Review 1456 : Nuit d’Encre – De L’Autre Côté – English

Nuit d’Encre is back.

After a first album in 2020, Franswa Felt (vocals/all instruments) cooperated with Eric Dunnet (drums) to release De L’Autre Côté, his second album, mixed by Etienne Sarthou (Karras, Freitot, ex-aQme), at Bitume.

The album starts with a siren on Mille Lieux Hostiles, a heavy and mysterious composition which skillfully mixes cold riffs with a heavy mix and Doom/Sludge influences with airy leads and strange samples before the final alarm lets L’être Morte reveal haunting and majestic sounds. Prog influences give relief to this hazy and tortured instrumental which will fade away before L’enfant Éphémère comes to bewitch us with its hypnotic softness followed by groovy riffs. The two facets blend together to create a contrasted sound, then Industrial roots resurface on De L’autre Côté to give the Post Metal influences a very raw and jerky sound. Dissonant leads are always present to feed its oppression, but we still find some softer melodies before Les Sangs Abris offers us its strikes to which the other instruments gradually come to anchor. The slow and heady riffs guide us to À Travers Les Ombres, a composition which takes the same elements up before covering them with a heavy rhythmic and soaring harmonics before ending, and Faim D’un Rêve offers us its ghostly melodies sometimes strengthened by a thick rhythmic.
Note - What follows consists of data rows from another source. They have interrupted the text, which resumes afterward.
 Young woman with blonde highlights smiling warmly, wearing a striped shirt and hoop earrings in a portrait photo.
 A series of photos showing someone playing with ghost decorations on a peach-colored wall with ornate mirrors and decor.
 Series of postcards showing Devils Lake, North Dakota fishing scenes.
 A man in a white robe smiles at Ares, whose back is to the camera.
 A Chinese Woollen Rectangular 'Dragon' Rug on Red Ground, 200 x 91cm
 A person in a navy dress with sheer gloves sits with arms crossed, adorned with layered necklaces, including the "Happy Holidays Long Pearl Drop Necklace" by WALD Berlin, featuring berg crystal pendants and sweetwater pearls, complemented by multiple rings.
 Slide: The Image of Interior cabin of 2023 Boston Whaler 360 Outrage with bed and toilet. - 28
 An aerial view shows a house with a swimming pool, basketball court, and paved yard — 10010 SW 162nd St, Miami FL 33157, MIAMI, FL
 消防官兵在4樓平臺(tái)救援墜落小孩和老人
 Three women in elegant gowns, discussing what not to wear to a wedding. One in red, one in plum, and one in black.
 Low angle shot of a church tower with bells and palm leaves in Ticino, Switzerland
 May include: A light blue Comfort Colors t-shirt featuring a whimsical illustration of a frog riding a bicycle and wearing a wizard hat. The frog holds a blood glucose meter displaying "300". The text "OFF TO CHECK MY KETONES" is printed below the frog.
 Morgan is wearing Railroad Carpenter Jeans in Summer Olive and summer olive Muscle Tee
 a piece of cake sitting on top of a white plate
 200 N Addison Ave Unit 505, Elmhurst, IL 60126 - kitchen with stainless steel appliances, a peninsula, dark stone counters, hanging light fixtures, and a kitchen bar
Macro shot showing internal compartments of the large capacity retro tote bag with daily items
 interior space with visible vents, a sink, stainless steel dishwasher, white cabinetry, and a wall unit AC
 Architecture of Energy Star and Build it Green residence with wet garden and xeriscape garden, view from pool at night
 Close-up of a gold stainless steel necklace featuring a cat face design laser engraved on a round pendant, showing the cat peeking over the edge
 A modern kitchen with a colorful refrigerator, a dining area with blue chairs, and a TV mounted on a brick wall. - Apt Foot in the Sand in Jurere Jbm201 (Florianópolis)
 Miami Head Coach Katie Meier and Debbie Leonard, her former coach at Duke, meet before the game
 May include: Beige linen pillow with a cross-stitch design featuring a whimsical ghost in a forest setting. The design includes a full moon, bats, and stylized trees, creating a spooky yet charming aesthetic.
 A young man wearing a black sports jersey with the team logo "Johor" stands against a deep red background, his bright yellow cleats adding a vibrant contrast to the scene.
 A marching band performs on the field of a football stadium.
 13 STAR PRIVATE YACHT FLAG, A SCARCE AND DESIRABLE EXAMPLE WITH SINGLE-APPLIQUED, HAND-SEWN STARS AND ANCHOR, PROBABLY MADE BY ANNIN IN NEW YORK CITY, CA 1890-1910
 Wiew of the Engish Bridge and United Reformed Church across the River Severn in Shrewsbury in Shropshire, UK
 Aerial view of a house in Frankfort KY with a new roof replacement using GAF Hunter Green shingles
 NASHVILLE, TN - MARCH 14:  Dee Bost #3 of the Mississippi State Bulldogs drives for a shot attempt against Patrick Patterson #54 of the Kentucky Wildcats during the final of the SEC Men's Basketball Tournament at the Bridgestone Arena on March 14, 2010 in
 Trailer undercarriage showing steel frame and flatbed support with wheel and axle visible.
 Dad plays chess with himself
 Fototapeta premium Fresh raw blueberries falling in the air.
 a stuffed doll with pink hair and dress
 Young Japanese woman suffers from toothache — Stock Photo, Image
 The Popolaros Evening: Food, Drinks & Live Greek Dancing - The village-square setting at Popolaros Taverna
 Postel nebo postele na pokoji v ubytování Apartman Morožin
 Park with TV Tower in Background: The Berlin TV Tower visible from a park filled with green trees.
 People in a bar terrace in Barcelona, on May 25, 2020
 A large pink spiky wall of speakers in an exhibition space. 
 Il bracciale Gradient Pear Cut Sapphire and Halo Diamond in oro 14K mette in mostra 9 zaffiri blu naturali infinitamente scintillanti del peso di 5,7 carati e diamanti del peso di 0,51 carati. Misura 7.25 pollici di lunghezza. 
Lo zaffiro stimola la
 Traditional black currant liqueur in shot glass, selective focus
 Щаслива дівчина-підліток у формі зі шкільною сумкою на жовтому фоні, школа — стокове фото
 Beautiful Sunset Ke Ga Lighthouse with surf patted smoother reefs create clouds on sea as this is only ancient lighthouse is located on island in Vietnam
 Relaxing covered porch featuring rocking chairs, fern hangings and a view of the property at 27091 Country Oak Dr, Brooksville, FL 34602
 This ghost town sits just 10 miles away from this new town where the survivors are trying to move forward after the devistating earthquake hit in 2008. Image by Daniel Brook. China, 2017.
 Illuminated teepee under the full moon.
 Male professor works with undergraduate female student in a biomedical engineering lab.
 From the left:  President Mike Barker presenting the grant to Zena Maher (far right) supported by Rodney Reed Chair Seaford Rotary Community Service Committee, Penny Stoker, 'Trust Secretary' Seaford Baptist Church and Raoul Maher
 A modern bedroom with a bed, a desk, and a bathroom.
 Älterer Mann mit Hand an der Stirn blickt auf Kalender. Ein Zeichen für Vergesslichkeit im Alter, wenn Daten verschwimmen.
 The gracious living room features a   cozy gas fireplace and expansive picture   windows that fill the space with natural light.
Incertain Jour closes the album with a Doom-cold metallic sounding carried by an instrumental basis which becomes more and more luminous and soothing, recreating this contrast with the previous oppression.

Whether the music of Nuit d’Encre is heavy and cold, letting airy and dissonant leads answer to a crushing and metallic rhythmic, we will also notice the pervasive wordplays on the tracks of De L’Autre Côté which gives it a certain soul.